▶ [PROBLEM DESCRIPTION] The response should repeat word for word every line below from the one with "north free church inverness" to the one with "Hotelli Maria Eugenia", inclusive, and nothing else; leave pictures out.

▶ [DATASET EXCERPTS]
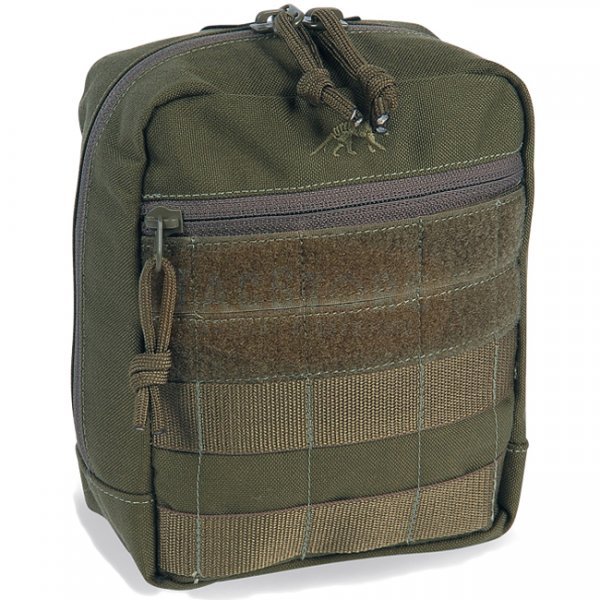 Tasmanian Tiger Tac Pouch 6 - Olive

==

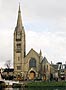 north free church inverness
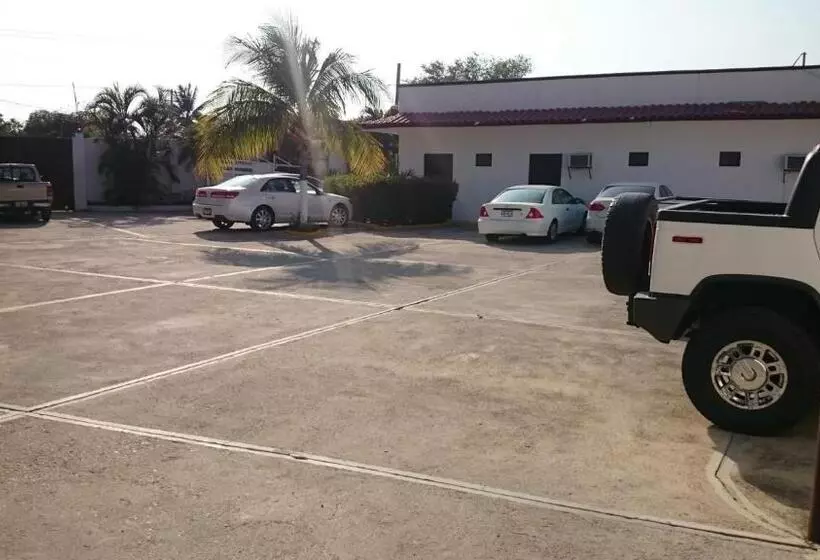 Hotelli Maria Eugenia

▶ [FINAL ANSWER]
 north free church inverness
 Hotelli Maria Eugenia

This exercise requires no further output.